Coincidences do happen.  Some names have no connection with their 
apparent meaning.  A name that circa 1200 sounded like "churchman", 
might have come to be pronounced that way in time.  Dorothy or Erilar 
could perhaps have given us a name for this process.

Names which were originally foreign get corrupted, and the tendency is 
for the corruption to move it to a recognizable word. "Churchman" in 
some cases could  conceivably come from some German or Flemish word 
ending in "mann" and starting with a "k" sound.

The great to the nth ancestor of my first Presbyterian minister came 
from Bohemia to Scotland circa 1620, for obvious reasons.  There being 
no chance of anyone, ever, getting the family name right, they went by 
"Slavik" forever more.  In this case, he was indeed Slavic, but he might 
well have been named "Churchman".  Or McIntyre, I suppose.

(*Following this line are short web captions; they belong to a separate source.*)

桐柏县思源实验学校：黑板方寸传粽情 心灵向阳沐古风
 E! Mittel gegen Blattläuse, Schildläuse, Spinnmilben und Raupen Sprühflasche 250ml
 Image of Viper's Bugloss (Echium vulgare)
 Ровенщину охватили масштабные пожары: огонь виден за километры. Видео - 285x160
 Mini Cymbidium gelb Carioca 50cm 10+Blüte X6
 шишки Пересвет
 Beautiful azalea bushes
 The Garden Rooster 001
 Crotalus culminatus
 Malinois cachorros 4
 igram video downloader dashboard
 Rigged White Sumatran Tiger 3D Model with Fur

Other names have a meaning, but one which is not obvious to us today.

A person named "Bond" is not descended from a trader in or issuer of 
debt securities, but often from one of England's monarch's serfs.  These 
were freed long after most other serfs were, and were often named "bond" 
as people who had been in bondage.


   Such as, arbitrarily, someone who sells
> oranges.  I don't know how you'd get "Churchman"
> from that, but I'm confident that it's feasible.
> In fact let me try: oranges are Spanish, therefore
> Roman Catholic, so let's suppose that they were
> called, hmm, church-apples in England - that'll do.
> Even though I just made it up.
> 
> To defend my original argument farther than is polite,
> I asserted that the cigarette brand doesn't have
> religious meaning.  Although, in your book, evidently
> it does.

That's the way to bet it.  But I wouldn't say it is one hundred percent.